赤い旅団を取り上げた『夜よ、こんにちは』や第二次世界大戦時代のイタリアの独裁者ムッソリーニを取り上げた『愛の勝利を ムッソリーニを愛した女』など社会派作品を手掛けた巨匠マルコ・ベロッキオによる実在のイタリアン・マフィア組織の抗争とそのボスであるトンマーゾ・ブシェッタの半生を描いた『シチリアーノ 裏切りの美学』。音楽や家族・血族の団結が強いイタリアン・マフィアの様子などそこここに『ゴッドファーザー』の香りが立ち込めているが、長い法廷シーンでペースが鈍り、間延びがあり、バランスが悪い仕上がりになってしまった。

 

前半のトンマーゾの親族が対抗勢力に次々と襲われるシーンは『ゴッドファーザー』シリーズ並にシャープ且つ残酷。車から襲われるシーンは中から映したり、ヘリコプターを使った拷問や突如片腕を切り落とすシーンなど凶暴さにインパクトもある。

 

が、トンマーゾがブラジルで逮捕され、イタリアに強制送還される辺りから映画のテンポが著しく低下し、絵的に退屈な法廷シーンがだらだら続いてしまう。
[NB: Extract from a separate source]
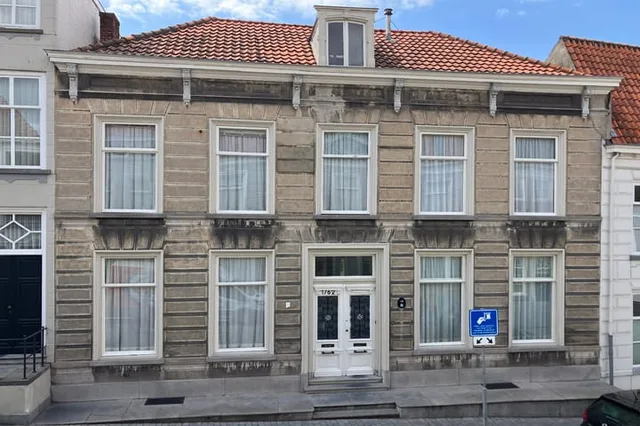 Hoogstraat 8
冒頭こそはまるで『ゴッドファーザー』の1作目のような空気があるが、以降は回想を挟みつつも大半はトンマーゾが老いてからのストーリーなので、『ゴッドファーザー』3作目のような口当たりになってしまっている。確かに捜査協力依頼からの裁判のシーンの重要さは分からなくもないが、主人公が若ければ成り上がり・かちこみシーンが見られただろう。

 

 

社会派作品が得意なベロッキオでもラディカルなジャンル映画は不慣れと見た。中盤がだれなければ『ゴッドファーザー』シリーズや『スカーフェイス』に並ぶマフィア映画になっただろうに。イタリアと『ゴッドファーザー PART III』が好きならとりあえずは見た方がいい。